On Jul 20, 2004, at 10:29 AM, Jonathan Wight wrote:
> On Jul 20, 2004, at 01:25, b.bum wrote:
>>> Typical usage of PyObjC is python "on the outside", as used in the
>>> Xcode templates. It's far easier to expose ObjC to Python than vice
>>> versa, so that's what we do. It doesn't really make sense to make
>>> it a framework until it's part of Python, and that's not going to
>>> happen for a good long time (Python 2.5 at the earliest, I guess).
>> True if you come from Python... if you are an old-hand ObjC head,
>> PyObjC can be construed as being the other way around. :-)
> Which is what I want. I want to use Python as a purely embedded
> language. I was hoping to use PyObjc as a bridge to shunt data between
> ObjC and Python (effectively I was hoping to write my model code in
> Python and view/controller in plain old ObjC). It's possible my Python
> code will call back into ObjC but I'm going to avoid that as much as
> possible (the code needs to be cross-platform).
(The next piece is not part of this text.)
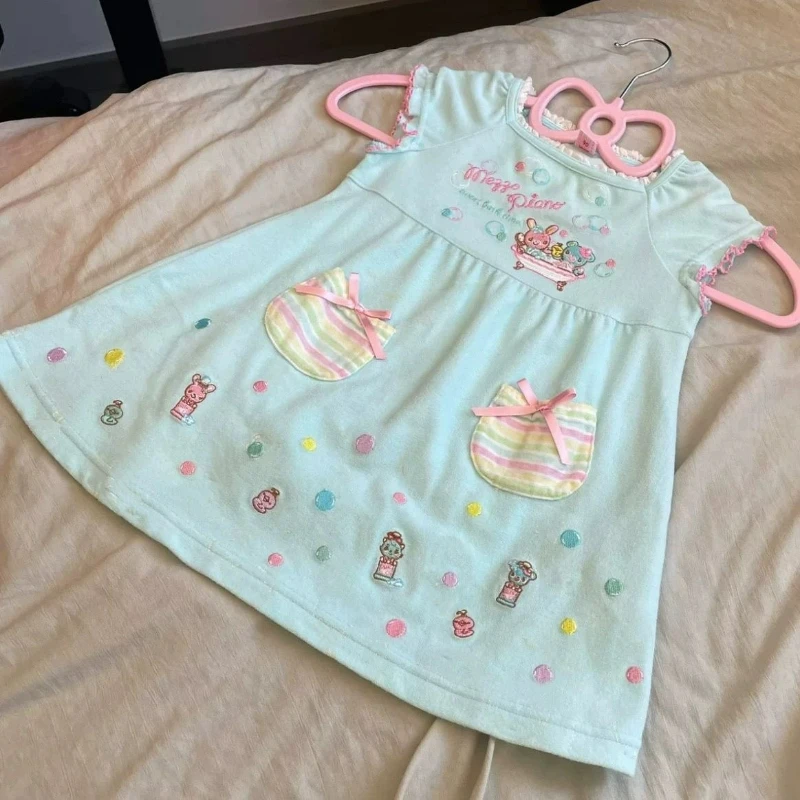 اليابانية Kawaii لوليتا نمط فستان المرأة الحلو الكرتون التطريز القوس الجيب ​ فستان Y2k الجمالي Harajuku Grunge Mini Vestidos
>> Seriously, the bridge really tries to be transparent, it just happens
>> to be easier to pass objects into Obj-C from Python than the other
>> way around. Once the object references exist on either side of the
>> bridge, messaging the objects should "just work". When going from
>> Obj-C -> Python, the one bit of complexity is dealing with types. In
>> general, if you stick to straight objects, life will be easier.
> Yep - sticking to straight objects (NSDictionaries, NSStrings,
> NSValues for now). If I do need to get C types into Python I'll most
> likely wrap them in NSValues.
>> Alternatively, you can do this:
>> - create an Abstract class that contains the API you want to
>> implement in Python
>> - implement subclasses of the Abstract class in Python. I.e.
>> class Foo(MyAbstractObjCClass):
>> - make sure the concrete subclasses are imported into the Python
>> - instantiate the concrete subclasses (from python or ObjC, doesn't
>> - invoke the methods as you normally would
>> This has several advantages:
>> - it is easy (once you figure out what the hell I'm talking about...
>> it really is easy!)
>> - since the method signatures exist on the super, the invocations
>> into python will automatically deal with all the argument types
>> - the ObjC compiler won't complain because you are providing dummy
>> implementations on your abstract class
> But I'd imagine all the objects (standard Foundation objects) I need
> already work? So this effort is just for custom classes?
*ALL* objects work. The problem is that not all selectors are
guaranteed to work out of the box if they take
> For Foundation objects Bob's PyObjC_IdToPython() seems ideal. The
> trouble is accessing it. Looking at the examples doesn't help - they
> all seem to be bundlebuilder based and I don't want the python binary
> to be my application's binary. The template created projects seem to
> be a better proposition - but I don't understand why python is loaded
> via NSAddImage and symbols looked up explicitly instead of just
> linking to Python.framework.
It does linking itself so that:
- the executable stub only needs to be compiled once, ever, if you're
not using any additional ObjC code (not currently used in practice)
- the app can give a useful GUI error dialog if the BSD subsystem isn't
installed (which means Python.framework doesn't exist)
- the app can give a useful GUI error dialog if the app is run on the
wrong version of Mac OS X
.. among other reasons that are harder to explain.